Task description: Below this line is the material. Write out only its lines from the one containing "Conector de placa" through the one containing "Толстовка-худи хлопковая женская", both kept, exactly.

+-------+

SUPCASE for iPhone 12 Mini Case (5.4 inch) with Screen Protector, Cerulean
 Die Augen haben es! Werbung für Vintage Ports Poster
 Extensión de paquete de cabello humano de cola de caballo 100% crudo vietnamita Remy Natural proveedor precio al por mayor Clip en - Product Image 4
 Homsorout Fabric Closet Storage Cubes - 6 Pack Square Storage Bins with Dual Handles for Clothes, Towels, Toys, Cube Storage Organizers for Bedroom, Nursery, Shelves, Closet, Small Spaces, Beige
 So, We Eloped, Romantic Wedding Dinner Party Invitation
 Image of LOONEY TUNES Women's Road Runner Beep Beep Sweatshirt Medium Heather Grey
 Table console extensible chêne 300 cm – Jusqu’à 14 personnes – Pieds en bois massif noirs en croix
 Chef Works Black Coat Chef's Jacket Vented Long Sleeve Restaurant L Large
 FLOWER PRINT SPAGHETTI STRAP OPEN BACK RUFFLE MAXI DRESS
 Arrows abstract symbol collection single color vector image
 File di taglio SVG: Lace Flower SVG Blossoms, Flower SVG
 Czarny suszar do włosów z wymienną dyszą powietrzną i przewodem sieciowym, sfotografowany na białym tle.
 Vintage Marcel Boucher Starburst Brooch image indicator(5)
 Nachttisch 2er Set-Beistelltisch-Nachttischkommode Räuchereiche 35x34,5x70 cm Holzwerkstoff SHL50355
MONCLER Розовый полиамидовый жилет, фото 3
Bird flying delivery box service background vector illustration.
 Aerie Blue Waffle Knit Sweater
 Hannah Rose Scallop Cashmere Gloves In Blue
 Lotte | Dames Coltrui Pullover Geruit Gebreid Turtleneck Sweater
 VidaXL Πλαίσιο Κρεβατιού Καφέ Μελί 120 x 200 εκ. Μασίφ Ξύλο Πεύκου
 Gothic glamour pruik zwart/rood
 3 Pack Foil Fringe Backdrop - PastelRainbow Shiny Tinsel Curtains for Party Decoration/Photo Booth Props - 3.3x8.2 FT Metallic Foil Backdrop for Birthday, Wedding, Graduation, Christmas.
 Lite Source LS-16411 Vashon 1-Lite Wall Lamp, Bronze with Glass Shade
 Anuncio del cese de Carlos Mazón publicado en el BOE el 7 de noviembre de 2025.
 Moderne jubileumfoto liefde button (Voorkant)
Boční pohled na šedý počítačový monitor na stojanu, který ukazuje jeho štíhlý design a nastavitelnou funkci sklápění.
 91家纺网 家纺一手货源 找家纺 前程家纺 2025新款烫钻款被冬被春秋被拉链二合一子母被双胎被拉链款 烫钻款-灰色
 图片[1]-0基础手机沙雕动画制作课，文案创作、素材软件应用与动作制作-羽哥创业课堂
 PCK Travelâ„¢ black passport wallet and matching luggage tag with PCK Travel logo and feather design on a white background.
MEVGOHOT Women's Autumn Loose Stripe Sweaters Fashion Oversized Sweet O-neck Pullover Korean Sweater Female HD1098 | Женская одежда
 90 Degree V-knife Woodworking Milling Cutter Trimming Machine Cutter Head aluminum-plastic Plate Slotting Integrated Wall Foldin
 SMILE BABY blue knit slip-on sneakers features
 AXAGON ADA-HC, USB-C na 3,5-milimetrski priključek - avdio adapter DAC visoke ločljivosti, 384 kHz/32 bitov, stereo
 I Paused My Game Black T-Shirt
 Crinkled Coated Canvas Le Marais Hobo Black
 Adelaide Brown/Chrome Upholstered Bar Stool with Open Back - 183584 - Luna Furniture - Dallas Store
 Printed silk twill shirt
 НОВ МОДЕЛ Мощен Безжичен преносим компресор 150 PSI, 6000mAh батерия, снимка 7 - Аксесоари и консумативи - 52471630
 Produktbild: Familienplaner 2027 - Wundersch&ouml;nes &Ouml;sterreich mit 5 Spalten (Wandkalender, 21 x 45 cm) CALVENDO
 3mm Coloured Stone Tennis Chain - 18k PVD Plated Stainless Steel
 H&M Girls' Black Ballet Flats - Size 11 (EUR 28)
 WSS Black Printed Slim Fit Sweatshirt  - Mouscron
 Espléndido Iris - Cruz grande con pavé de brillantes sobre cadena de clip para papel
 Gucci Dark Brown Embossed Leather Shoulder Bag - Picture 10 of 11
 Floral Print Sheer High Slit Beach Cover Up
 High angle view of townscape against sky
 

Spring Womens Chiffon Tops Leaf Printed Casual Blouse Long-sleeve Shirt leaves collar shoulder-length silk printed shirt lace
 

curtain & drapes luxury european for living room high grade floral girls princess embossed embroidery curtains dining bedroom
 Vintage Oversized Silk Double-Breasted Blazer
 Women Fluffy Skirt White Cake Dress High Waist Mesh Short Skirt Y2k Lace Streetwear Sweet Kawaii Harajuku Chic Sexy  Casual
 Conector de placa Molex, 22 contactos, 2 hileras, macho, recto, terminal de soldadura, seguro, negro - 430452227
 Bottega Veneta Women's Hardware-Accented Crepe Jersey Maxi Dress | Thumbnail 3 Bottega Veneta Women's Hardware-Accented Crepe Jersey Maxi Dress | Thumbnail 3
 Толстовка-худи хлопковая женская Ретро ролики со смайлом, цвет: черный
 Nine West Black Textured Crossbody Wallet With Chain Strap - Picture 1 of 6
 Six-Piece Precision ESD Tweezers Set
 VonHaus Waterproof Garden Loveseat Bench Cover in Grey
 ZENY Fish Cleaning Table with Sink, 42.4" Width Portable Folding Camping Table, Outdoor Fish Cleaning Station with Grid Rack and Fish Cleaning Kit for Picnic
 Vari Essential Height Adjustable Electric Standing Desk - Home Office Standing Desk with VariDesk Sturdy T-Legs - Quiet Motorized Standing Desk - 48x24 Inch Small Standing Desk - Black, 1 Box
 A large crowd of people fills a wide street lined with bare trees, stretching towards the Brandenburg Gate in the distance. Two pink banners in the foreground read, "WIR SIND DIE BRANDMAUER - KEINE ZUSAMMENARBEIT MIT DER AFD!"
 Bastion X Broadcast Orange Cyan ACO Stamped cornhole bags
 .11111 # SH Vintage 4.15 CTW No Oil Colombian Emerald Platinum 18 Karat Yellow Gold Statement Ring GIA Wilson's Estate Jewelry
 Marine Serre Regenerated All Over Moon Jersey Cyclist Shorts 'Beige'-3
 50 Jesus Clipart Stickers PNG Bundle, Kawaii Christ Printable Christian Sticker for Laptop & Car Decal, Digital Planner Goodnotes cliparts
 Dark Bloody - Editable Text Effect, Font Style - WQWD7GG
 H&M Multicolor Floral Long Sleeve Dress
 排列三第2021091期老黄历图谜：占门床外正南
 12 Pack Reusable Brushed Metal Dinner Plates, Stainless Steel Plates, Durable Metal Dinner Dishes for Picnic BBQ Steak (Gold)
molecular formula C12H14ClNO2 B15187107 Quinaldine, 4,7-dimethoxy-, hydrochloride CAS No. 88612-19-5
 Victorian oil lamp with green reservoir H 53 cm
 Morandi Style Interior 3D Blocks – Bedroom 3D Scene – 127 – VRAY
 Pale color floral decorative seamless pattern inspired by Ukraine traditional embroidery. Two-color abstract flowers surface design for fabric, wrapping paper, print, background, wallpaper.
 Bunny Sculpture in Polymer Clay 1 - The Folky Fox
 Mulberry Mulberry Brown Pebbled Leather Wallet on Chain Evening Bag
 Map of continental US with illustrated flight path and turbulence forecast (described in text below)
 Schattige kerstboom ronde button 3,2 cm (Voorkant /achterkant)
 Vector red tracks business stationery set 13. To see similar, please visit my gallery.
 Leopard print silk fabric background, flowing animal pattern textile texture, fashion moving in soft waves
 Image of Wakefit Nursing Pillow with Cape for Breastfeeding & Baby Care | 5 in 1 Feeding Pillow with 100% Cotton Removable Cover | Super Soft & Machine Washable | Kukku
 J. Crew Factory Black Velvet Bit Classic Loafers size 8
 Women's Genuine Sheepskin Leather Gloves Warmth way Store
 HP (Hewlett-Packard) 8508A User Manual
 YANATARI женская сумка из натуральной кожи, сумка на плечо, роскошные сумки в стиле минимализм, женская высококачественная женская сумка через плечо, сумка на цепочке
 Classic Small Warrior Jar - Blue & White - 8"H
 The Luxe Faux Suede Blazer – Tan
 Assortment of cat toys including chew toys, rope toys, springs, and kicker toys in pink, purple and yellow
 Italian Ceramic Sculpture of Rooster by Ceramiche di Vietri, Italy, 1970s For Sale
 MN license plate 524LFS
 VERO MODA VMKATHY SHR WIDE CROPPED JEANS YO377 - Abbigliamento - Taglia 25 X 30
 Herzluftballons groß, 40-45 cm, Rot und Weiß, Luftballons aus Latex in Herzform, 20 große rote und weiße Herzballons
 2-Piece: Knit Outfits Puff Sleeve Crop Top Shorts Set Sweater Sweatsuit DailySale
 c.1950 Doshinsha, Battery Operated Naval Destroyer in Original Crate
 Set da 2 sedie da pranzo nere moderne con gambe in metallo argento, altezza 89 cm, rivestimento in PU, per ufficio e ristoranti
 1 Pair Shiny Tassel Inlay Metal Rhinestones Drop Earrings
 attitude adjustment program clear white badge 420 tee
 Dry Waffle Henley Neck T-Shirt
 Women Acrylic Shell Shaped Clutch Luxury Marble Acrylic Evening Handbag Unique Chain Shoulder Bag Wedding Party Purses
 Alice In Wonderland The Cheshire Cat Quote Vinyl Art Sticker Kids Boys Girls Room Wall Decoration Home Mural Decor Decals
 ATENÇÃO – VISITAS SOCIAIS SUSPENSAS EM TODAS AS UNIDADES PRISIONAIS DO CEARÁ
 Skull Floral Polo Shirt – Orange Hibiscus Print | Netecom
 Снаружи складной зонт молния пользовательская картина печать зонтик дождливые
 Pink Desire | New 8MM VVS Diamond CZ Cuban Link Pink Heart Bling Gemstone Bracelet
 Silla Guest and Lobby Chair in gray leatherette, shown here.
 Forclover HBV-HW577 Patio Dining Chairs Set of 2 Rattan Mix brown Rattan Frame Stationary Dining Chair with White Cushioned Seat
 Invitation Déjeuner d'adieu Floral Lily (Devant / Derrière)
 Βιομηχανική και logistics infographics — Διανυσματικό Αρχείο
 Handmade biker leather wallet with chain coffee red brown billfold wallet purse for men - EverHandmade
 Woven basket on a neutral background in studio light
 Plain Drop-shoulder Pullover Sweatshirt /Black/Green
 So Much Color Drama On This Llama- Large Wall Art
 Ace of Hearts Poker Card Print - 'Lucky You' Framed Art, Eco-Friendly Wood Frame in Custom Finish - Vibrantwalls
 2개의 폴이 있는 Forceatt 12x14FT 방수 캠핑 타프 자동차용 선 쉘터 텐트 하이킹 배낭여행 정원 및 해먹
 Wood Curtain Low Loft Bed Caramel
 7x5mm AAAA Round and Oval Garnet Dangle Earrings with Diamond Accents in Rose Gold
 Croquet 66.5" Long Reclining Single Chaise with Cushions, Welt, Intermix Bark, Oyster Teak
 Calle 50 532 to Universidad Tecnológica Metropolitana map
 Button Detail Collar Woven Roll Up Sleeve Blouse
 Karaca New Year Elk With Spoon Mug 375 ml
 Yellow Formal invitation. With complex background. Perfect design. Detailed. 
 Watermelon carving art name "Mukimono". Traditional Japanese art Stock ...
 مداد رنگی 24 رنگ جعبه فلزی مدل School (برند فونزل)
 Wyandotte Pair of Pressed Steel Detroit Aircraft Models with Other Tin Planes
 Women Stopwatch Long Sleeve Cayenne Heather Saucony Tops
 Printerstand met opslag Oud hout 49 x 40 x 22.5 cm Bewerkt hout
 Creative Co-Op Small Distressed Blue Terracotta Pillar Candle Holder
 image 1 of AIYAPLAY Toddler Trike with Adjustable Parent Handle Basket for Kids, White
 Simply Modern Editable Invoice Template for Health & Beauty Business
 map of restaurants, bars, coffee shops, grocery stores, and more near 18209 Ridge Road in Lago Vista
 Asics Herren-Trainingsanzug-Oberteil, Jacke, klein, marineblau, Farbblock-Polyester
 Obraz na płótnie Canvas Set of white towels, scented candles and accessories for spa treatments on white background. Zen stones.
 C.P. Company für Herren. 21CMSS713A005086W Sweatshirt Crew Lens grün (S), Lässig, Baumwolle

+-------+

Task solution:
 Conector de placa Molex, 22 contactos, 2 hileras, macho, recto, terminal de soldadura, seguro, negro - 430452227
 Bottega Veneta Women's Hardware-Accented Crepe Jersey Maxi Dress | Thumbnail 3 Bottega Veneta Women's Hardware-Accented Crepe Jersey Maxi Dress | Thumbnail 3
 Толстовка-худи хлопковая женская Ретро ролики со смайлом, цвет: черный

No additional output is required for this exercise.